Query Time Lookup #1259

drcrallen · 2015-04-01T17:27:04Z

This PR is at the code review stage. Comments on either the high-level overview or the low-level implementations are welcome. This master comment will be updated with pertinent discussion points if they become major topics in the track below.

Add query time lookups for renames via query "namespace" (may end up renaming this to something with a more natural description)

Add ability to explicitly rename using a "namespace" which is a particular data collection that is loaded on all realtime, historic nodes, and brokers. If any of these nodes has the namespace extension, ALL nodes have the namespace extension.
Add namespace caching and populating (can be on heap or off heap)
Add NamespaceExtractionCacheManager for handling caches
Added ExtractionNamespace for handling metadata on the extraction namespaces
Added ExtractionNamespaceUpdate for handling metadata related to updates
Add extension which caches renames from a kafka stream (requires kafka8)
Added README.md for the namespace kafka extension
Added docs
Added namespace/size, namespace/count, namespace/deltaTasksStarted metrics

Note, the below is for the second round of PRs, which will go in after the static config.
here is how namespace populating will eventually work ( https://github.com/metamx/druid/tree/queryTimeLookup_announce ):

The namespace serving nodes announce (through Announcer) that it exists
The Coordinator listens for this announcement and fires off a list of namespaces to the node
The Coordinator regularly polls the metadata and POSTs the most recent list to the namespace servicing nodes on each update round.
The namespace servicing nodes determine what to add or drop each time the new list is sent to them.

Since everything is loaded everywhere this approach is an "at least once announcement" kind of approach and things eventually settle onto a state as the leading coordinator keeps polling the metadata and spitting out the "correct" state to each node.

Prior PR:
#1093

cheddar · 2015-04-01T17:57:10Z

docs/content/DimensionSpecs.md

+      "columns":["key","value]
+    }
+  },
+  "updateMs":0


Why would the update be a function outside of the namespace?

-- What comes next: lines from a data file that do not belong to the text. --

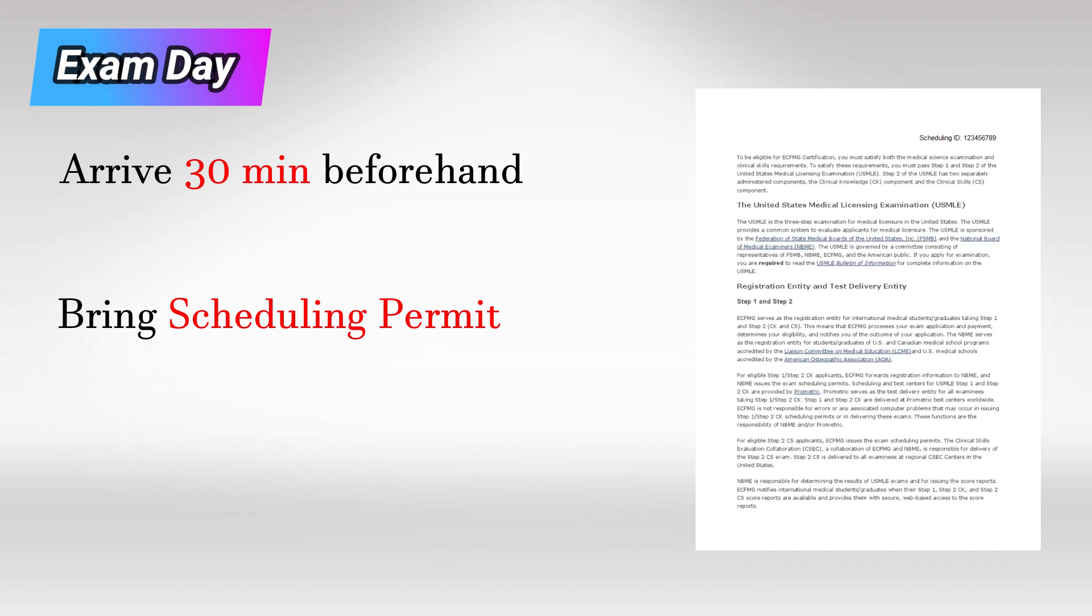The scheduling permit contains a PDF with a scheduling ID that you use to sign in at ProMetric. It is very important that you bring this piece of paper with you. You will not be able to go to the exam without it.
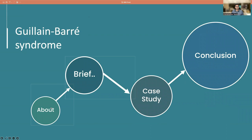Hi, welcome back. Let us discuss two interesting cases of Guillain-Barré syndrome in our case video series.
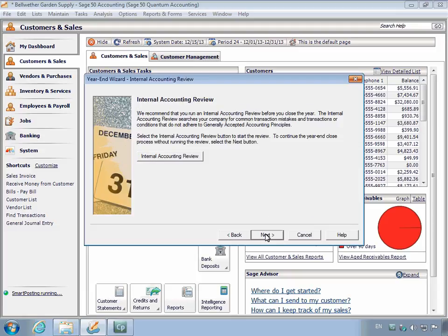The Internal Accounting Review page displays. At the end of each accounting period, you are given the option to run the Internal Accounting Review to locate common transaction mistakes. This is an optional step. If you choose to run the Internal Accounting Review, you will need to restart the Year-end Wizard. Click Next.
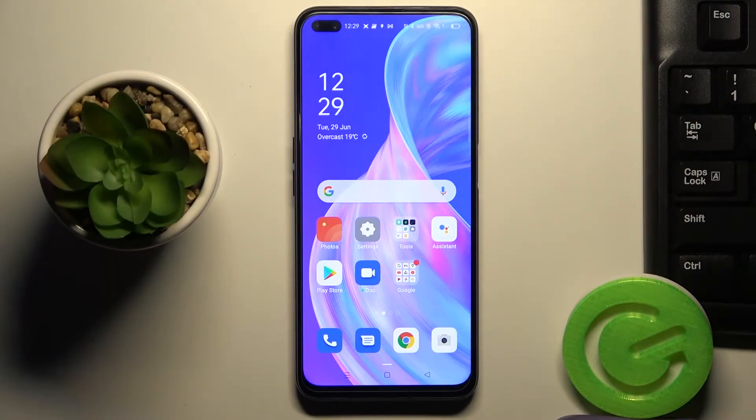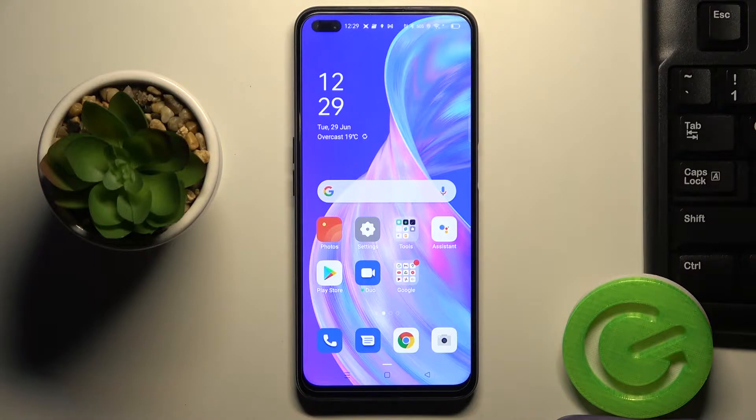In front of me is Oppo Reno4Z and let me show you how to activate automatic system updates on this device.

Shouldn't the namespace define it's own update mechanisms that make sense for however it is integrated?

It can, especially since updateMs doesn't make much sense for some namespace types like Kafka.

Are you saying that you are agreeing and will remove updateMs as an external property, instead, making it a part of the particular namespace?

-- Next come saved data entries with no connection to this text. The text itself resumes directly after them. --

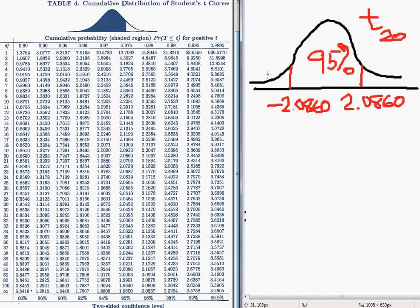Another way would be to find the area to the left. If 95% of the area lies in the middle, that means 2.5% lies in each tail, so 97.5% lies to the left. Looking at 0.975 in the table and going down to 20 degrees of freedom — I'm in the same column — I get the critical value of 2.086. So that's how to use the table in the back of the book for the t-distribution.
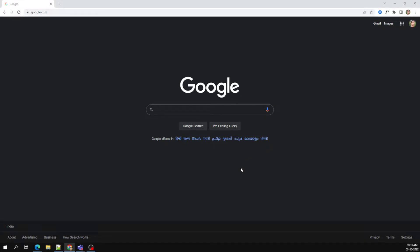Today in this session we will learn about the DOM model — the Document Object Model — and how JavaScript handles it. The features we have learned up to now are all part of core JavaScript, the core programming language.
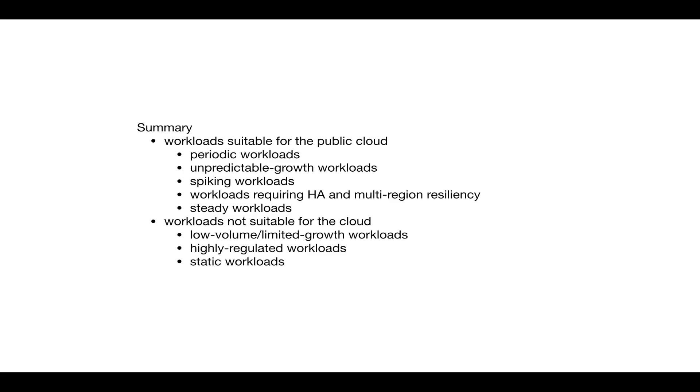So, in this short blog post, we have looked at workloads suitable for the public cloud. For example, periodic workloads, unpredictable growth workloads, spiking workloads, workloads requiring high availability and multi-region resiliency, and those known as steady workloads.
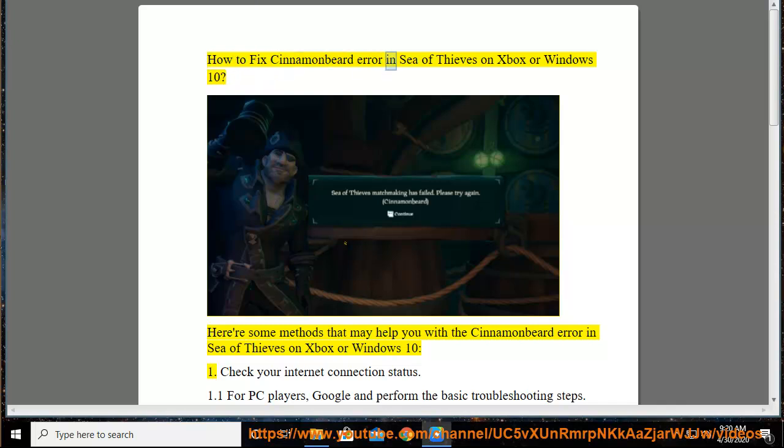How to fix cinnamon beard error in Sea of Thieves on Xbox or Windows 10. Here are some methods that may help you with the cinnamon beard error in Sea of Thieves on Xbox or Windows 10.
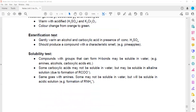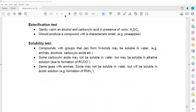The esterification test involves gently warming an alcohol and carboxylic acid in the presence of sulfuric acid. This produces an ester with a characteristic fruity smell — for example, a pineapple-like smell — confirming that the esterification reaction has occurred.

Yes, instead of having a "namespace" and "updateMS" the namespace spec will have updateMs in it for those which understand such a thing, and the "namespace" will be the top level object.

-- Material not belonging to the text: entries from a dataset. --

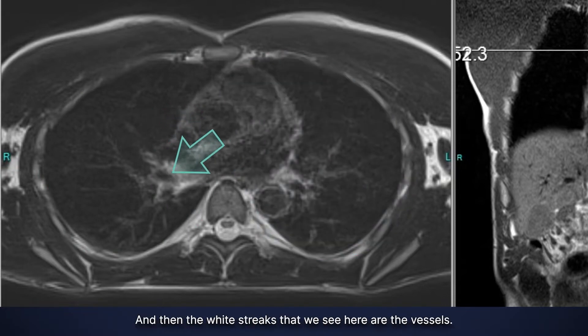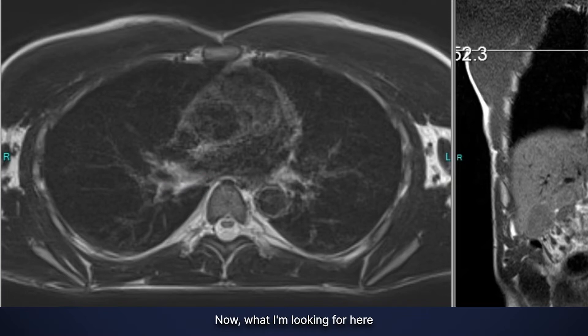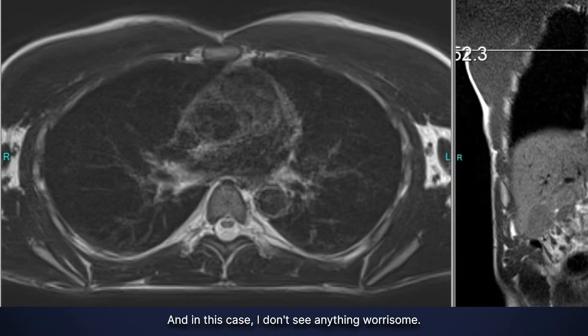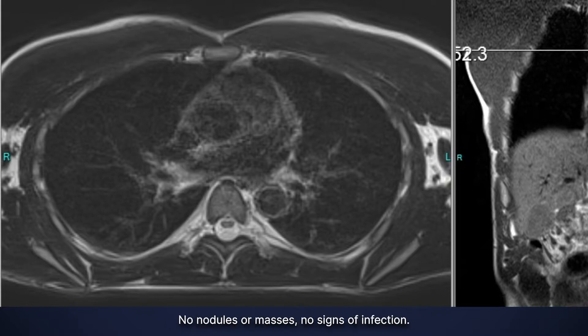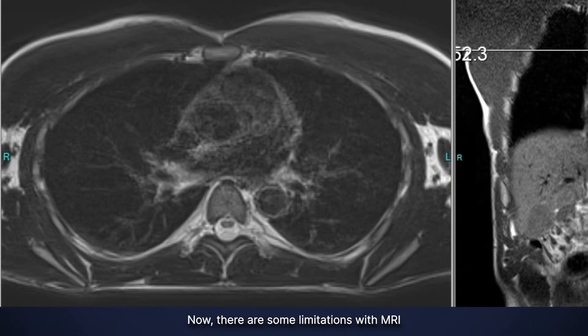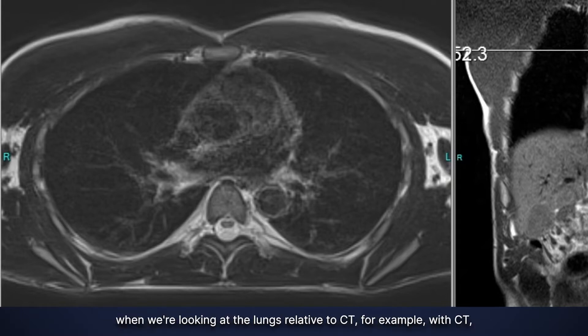The white streaks that we see here are the vessels. What I'm looking for are any kind of pulmonary nodules or masses. In this case I don't see anything worrisome — no nodules or masses, no signs of infection. These look normal by MRI.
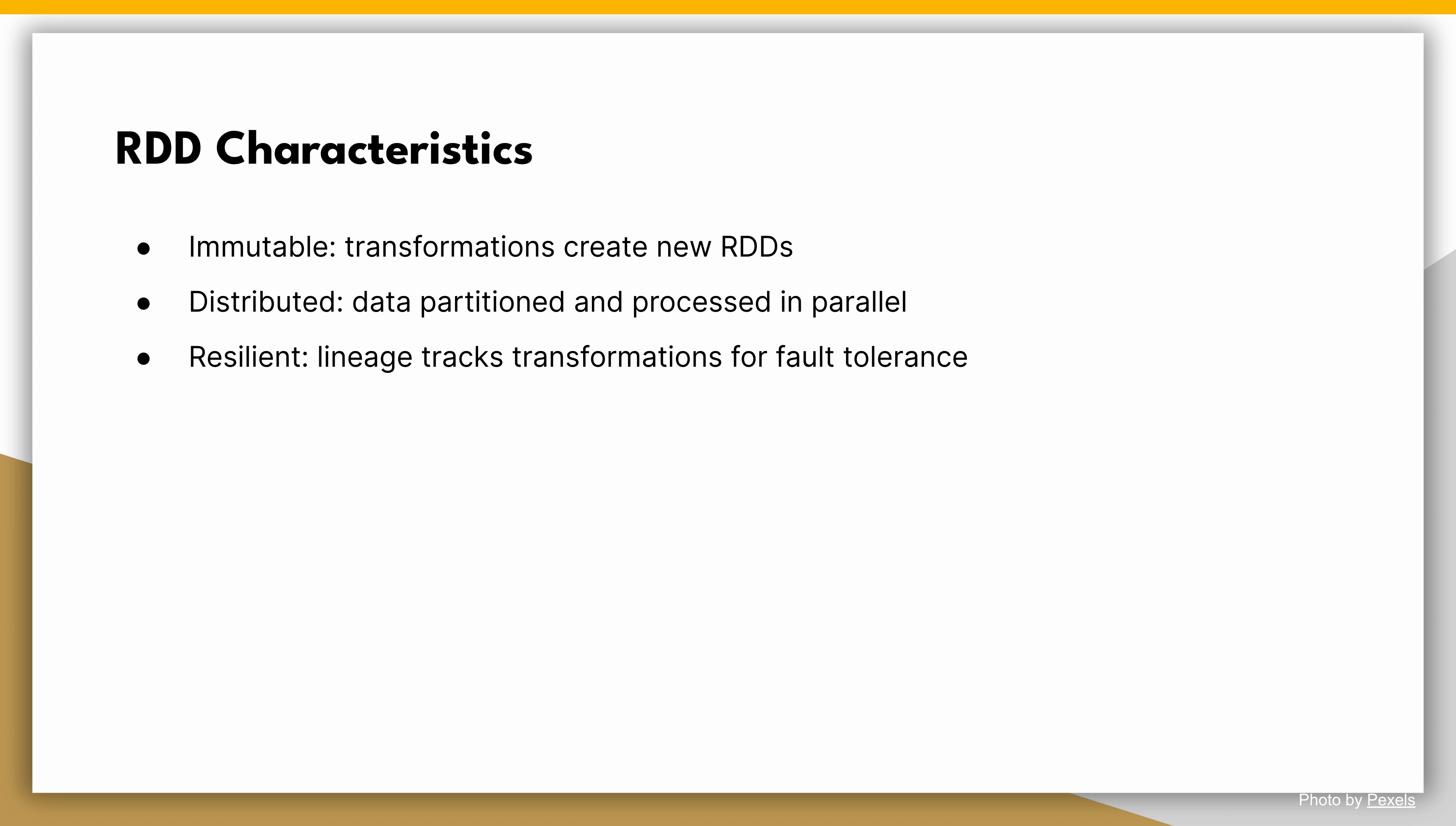Third, resilient. RDDs are designed to be resilient to failures. Spark keeps track of the lineage of transformations applied to an RDD, allowing it to recover lost data and continue computations in case of failures.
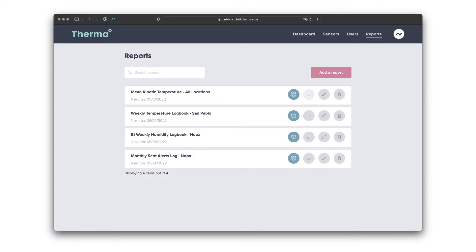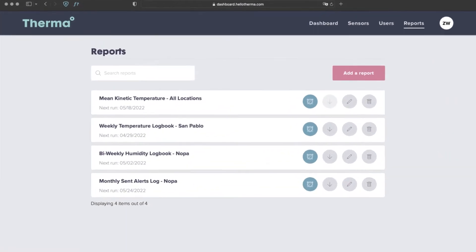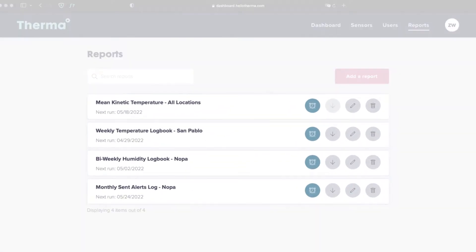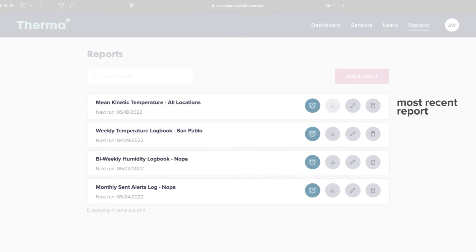When you go to the Reports tab, you'll see all of your historical reports in descending order by their last run date. This means that your most recent report will be on top.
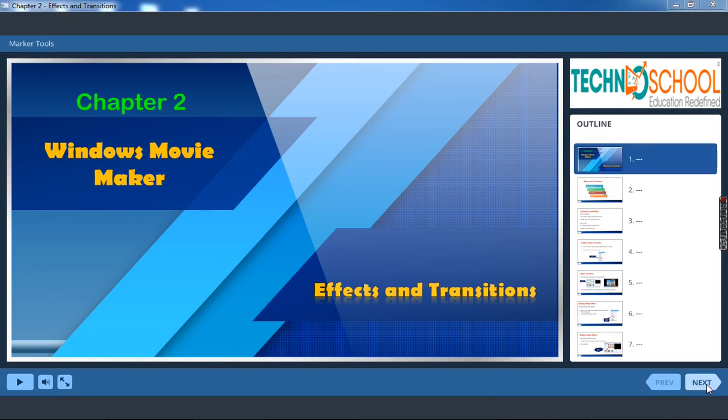Hello children. Now we will be recollecting the concepts learnt in Chapter 2. It is a quick review.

himanshug · 2015-04-03T02:44:32Z

...ename-kafka8/src/main/java/io/druid/query/extraction/namespace/KafkaExtractionNamespace.java

+      final String namespace
+  )
+  {
+    Preconditions.checkNotNull(kafkaTopic, "kafkatTopic required");


with @NotNull in place, are we putting additional checks with the expectation that these objects will be hand constructed without json deserialization as well?
and a minor typo, s/kafkatTopic/kafkaTopic/

There are only checks (Preconditions.checkNotNull) in the constructor. The only way someone should be able to set the values as null is via reflection, in which case all bets are off.

I'm fine with Preconditions check but thought they were redundant because jackson will do the null checks automatically given that you have @NotNull specified on those.

himanshug · 2015-04-03T20:27:15Z

.../test/java/io/druid/server/namespace/cache/TestNamespaceExtractionCacheManagerExecutors.java

+    Assert.assertTrue(fnCache.containsKey(ns));
+    prior = runs.get();
+    Thread.sleep(50);
+    Assert.assertTrue(runs.get() > prior);


there is really no guaranty that this will happen (it is likely though). since this check does not seem to be essential (i understand it is checking that updater runner continued to run as scheduled), does it make sense to remove it?

I could, but the purpose is exactly as you put it, to make sure the scheduler is behaving properly before continuing with the rest of the test.

There is a similar question asked in just a few lines (which is where I on very rare occasions see problems) which is if the scheduler has now stopped properly.

If you have an idea for a better way to test or ensure this then I am very open to suggestions.

The problem is that if a namespace is scheduled to update regularly, I don't want it to continue updating after it has been told to cancel its tasks, or else the namespace will re-populate during the delete process.

I modified this a bit to hopefully change the way the tests are done and squash the problem, which I think was a test problem rather than an impl problem.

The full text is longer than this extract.